E-Brief: July 2011

Lawyers invited to comment on cloud computing report

The report of the Law Society's Cloud Computing Working Group was adopted by the Benchers at their July meeting. The report recommends a number of steps the Law Society needs to take to ensure its regulatory processes keep pace with technological developments including the use of third-party service providers for electronic data storage and processing that is accessed remotely over a network (commonly called cloud computing). It also contains guidance to help lawyers meet their professional obligations. Read the report and send your feedback to Law Society policy lawyer Doug Munro.

Feedback still needed on conflict of interest portion of proposed new code

This is a reminder to lawyers interested in helping shape an important part of the new BC Code of Conduct, which will replace the Professional Conduct Handbook. Information on how to comment

New Discipline Alert cautions lawyers to disclose commissions in investor immigrant matters

Immigrants to Canada under the "Investor Category" are required to make substantial interest-free loans to the government. Those loans are usually financed and/or facilitated through Canadian financial institutions, which often pay significant commissions to the lawyers who act for the investor immigrants. The Law Society has become aware that some lawyers do not fully disclose to their clients receipt of these commissions or their amounts, contrary to the ethical obligations set out in the Professional Conduct Handbook. Read more.

Fraud Alert

Fraudsters continue to ask lawyers to pay money out of trust based on a fake deposit, often under the guise of collecting on a phony debt. For more on the four general categories to look out for and the latest fraud scenarios and how to avoid them, read the Bad cheque and other instrument scams section in Fraud Alerts.

Law Society responds to recent Advocate article regarding conveyancing protocol

The July 2011 edition of the Advocate includes an article about the Western Law Societies Conveyancing Protocol that makes certain inaccurate assumptions and paints an incomplete picture of the underlying purpose of the Protocol and the Law Society's communication with the profession at the time the Protocol was introduced. To assist the profession, the Law Society has addressed these issues in a posting on its website.

Admission forms amended with new medical fitness questions

In response to 2009 and 2011 BC Human Rights Tribunal decisions, the Law Society has re-formulated the medical fitness questions on all lawyer and student application forms and revised its policies and procedures accordingly. This will ensure the admission process continues to protect the public, while at the same time treats applicants fairly. More information is available in a Law Society news release.

Rules updated

Benchers have adopted rule changes related to Law Society investigations and hearings. The process for claiming a privacy interest in material that is copied in the course of a discipline investigation is clarified (Rule 4-43(1) to (1.3)). In addition, a respondent or applicant subject to an order under Rule 5-4 may be cross-examined by Law Society counsel.

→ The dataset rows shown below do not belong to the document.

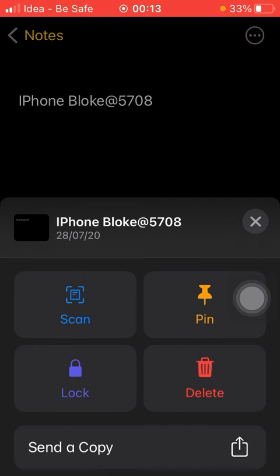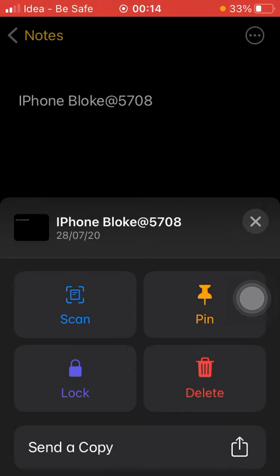So once I click that, I get a pop-up where there are four options: scan, pin, delete, and lock. Let's click on lock.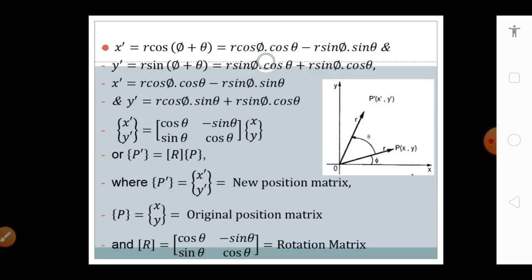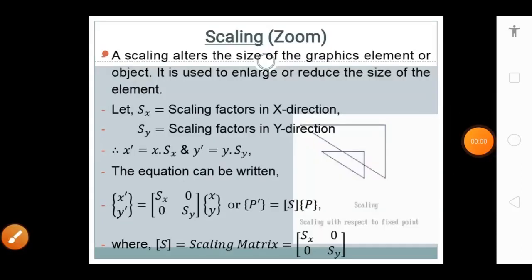Taking cos(theta) and sin(theta) common, we can write the rotation in matrix form: [x', y'] = [cos(theta), −sin(theta); sin(theta), cos(theta)] multiplied by [x, y]. This can be written as P' = R · P, where P' is the new position matrix, P is the original position matrix, and R is the rotation matrix [cos(theta), −sin(theta); sin(theta), cos(theta)].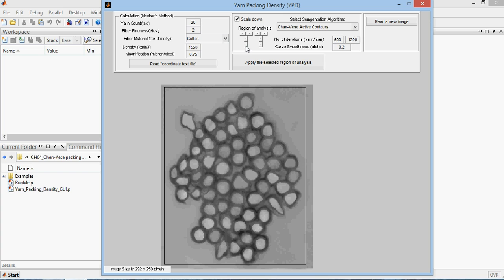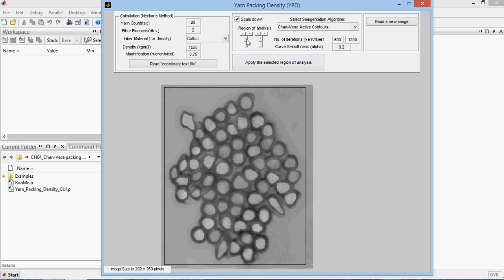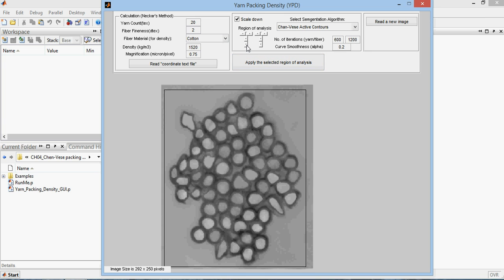Once you do that, you have this selected here, chainviz segmentation model or active contour, and the parameters here. You need to set these two parameters. These two parameters are the number of iterations that the program uses for the numerical iterations.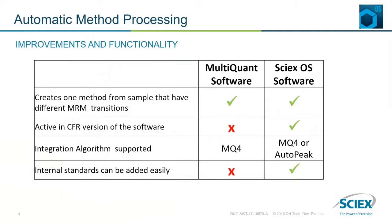The way to process the data is a bit different in SciXOS, so let's see how it's done.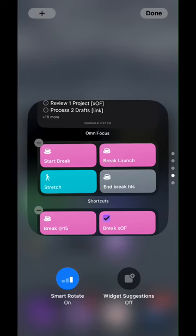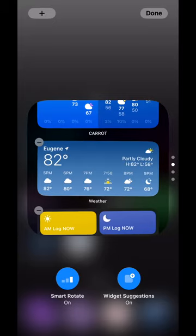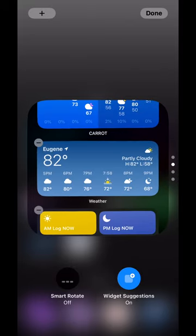Smart Rotate means that Siri is going to try to guess which widget to show for different times of the day. This is at least partly based on your previous usage of that stack. Like with all Siri suggestions, the assumption is that the previous behavior you've shown before is the behavior you'd like to continue. That is often not true if you have a distracting app habit — so one option is to turn off Smart Rotate.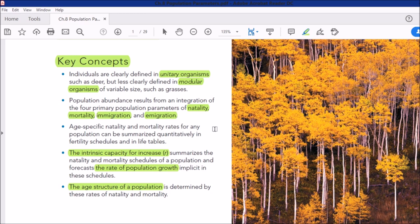There are some key concepts in this chapter. Individuals are clearly defined in unitary organisms such as deer, but less clearly defined in modular organisms of variable size such as grasses. Basically, organisms in a population have two main types: unitary organisms and modular organisms. Terrestrial mammals like deer, lions, and leopards are clearly defined, separate individuals — they are unitary organisms, and studying them is easier.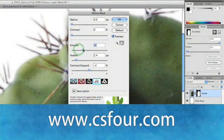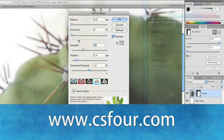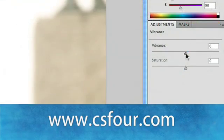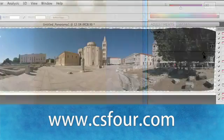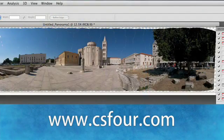You'll learn great things like how to adjust your masks and use the new adjustments panel, as well as other things you can do to save time, like Photo Merge and the new workspaces.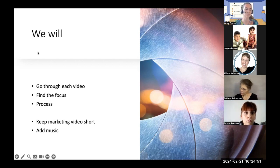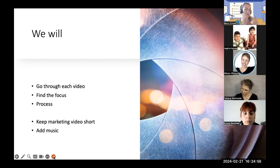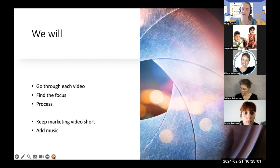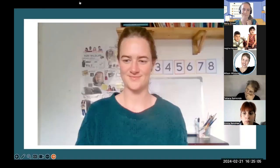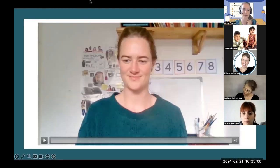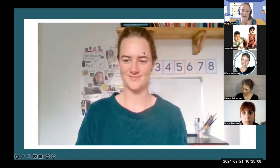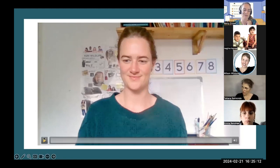Music is really nice to have playing in the background of a video — even if you are speaking, having soft, pleasant music playing is always good. Think happy, childlike music. I'm going to show some videos I've created as an online teacher, go through each one, ask you what you think the focus is, and talk about the process and how I made the video.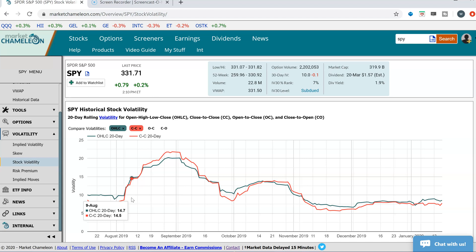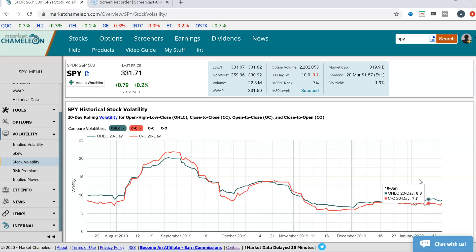Hi, everyone. This is Dimitri Pargamonik with MarketChameleon.com. When you're trading options or even stock, one of the important things to look at is volatility. You want to see where volatility in the stock is trending, where it's been historically, and how today's volatility compares to its historical volatility. There's no one correct way to measure volatility — there are different methods you could use. I'm going to take a look at a couple of volatility charts to compare different volatility metrics.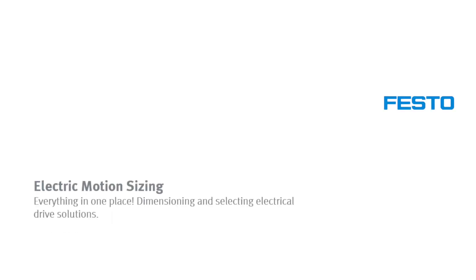Electric motion sizing, the engineering tool for sizing and selecting electric drive solutions.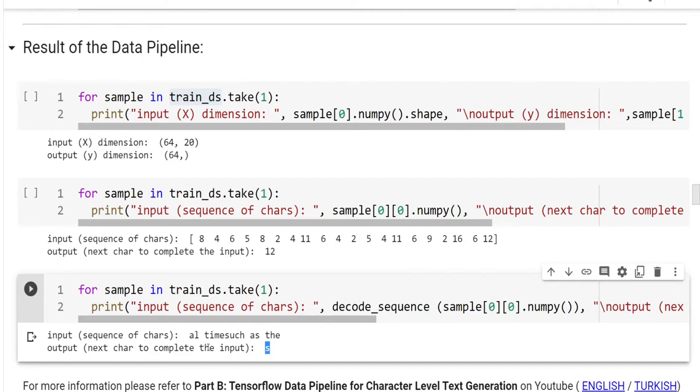In this tutorial, we are going to use this set to train our text generation model. For more information, please refer to part B, TensorFlow data pipeline for character level text generation.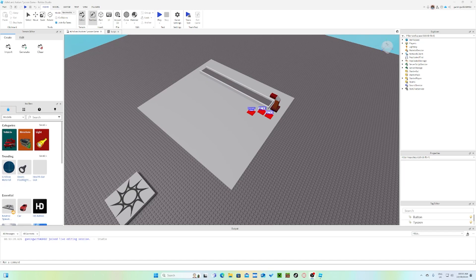Hi everyone, it's Damieng with ADHD and Autism. Today in this video we're actually going to be doing a behind the scenes of me making a lovely game for people who have ADHD and Autism. The game's name is going to be ADHD and Autism Taekoo Game.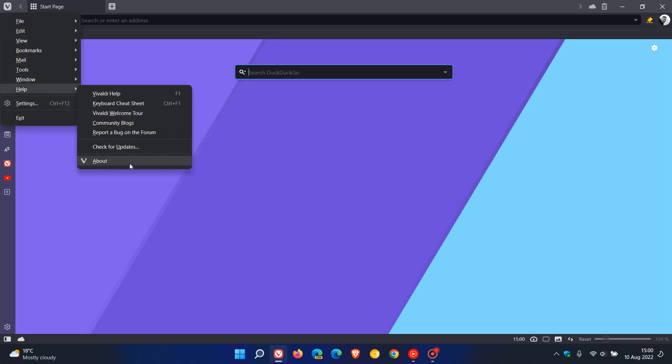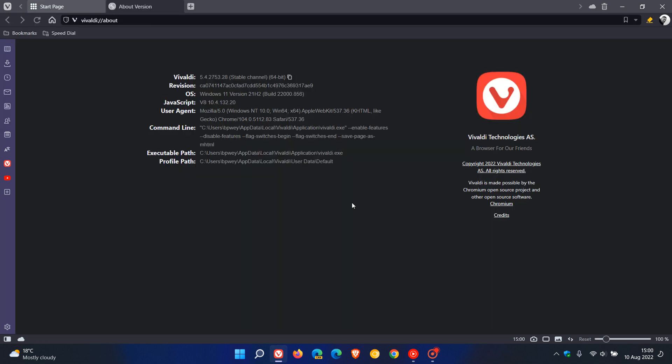And if we just head back to help and we go to about, the latest version and build now for the browser will be 5.4.2753.28 so that's the version and build now for the latest stable release of the browser and because the browser is based on the open source chromium platform it's also been upgraded to Chrome version 104.0.5112.83 which is exactly the same version and build now as Google Chrome.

Best practices for family law

Benchers have voted to endorse guidelines put forward in a report by the Family Law Task Force. The guidelines are meant to be aspirational standards for lawyers practising family law, and are available in Practice Resources.

Strategic planning

As the implementation of the Law Society's first Strategic Plan (2009-2011) nears completion, Benchers took part in an initial discussion of issues and potential priorities for the upcoming three-year plan at their July meeting. Among the priorities discussed were access to legal services and enhancing relationships with Law Society stakeholders. Benchers are expected to prioritize goals and objectives for the 2012-2014 Strategic Plan in the fall.

Support for Aboriginal law students and lawyers

As part of its strategic objective to support Aboriginal lawyers, the Law Society was recently involved in two initiatives marking National Aboriginal Day. The Society sponsored Aboriginal lawyers from outside Vancouver to attend a Legal Services Society workshop. Held on June 21, 2011, Gladue in Practice offered information about the 1999 Supreme Court of Canada decision R. v. Gladue and its practical application for those assisting and representing Aboriginal offenders in the legal system. In addition, the Society sponsored a reception on June 17 to launch the 2011 online auction in support of the Canadian Bar Association, BC Branch's Aboriginal Law Student Scholarship Trust.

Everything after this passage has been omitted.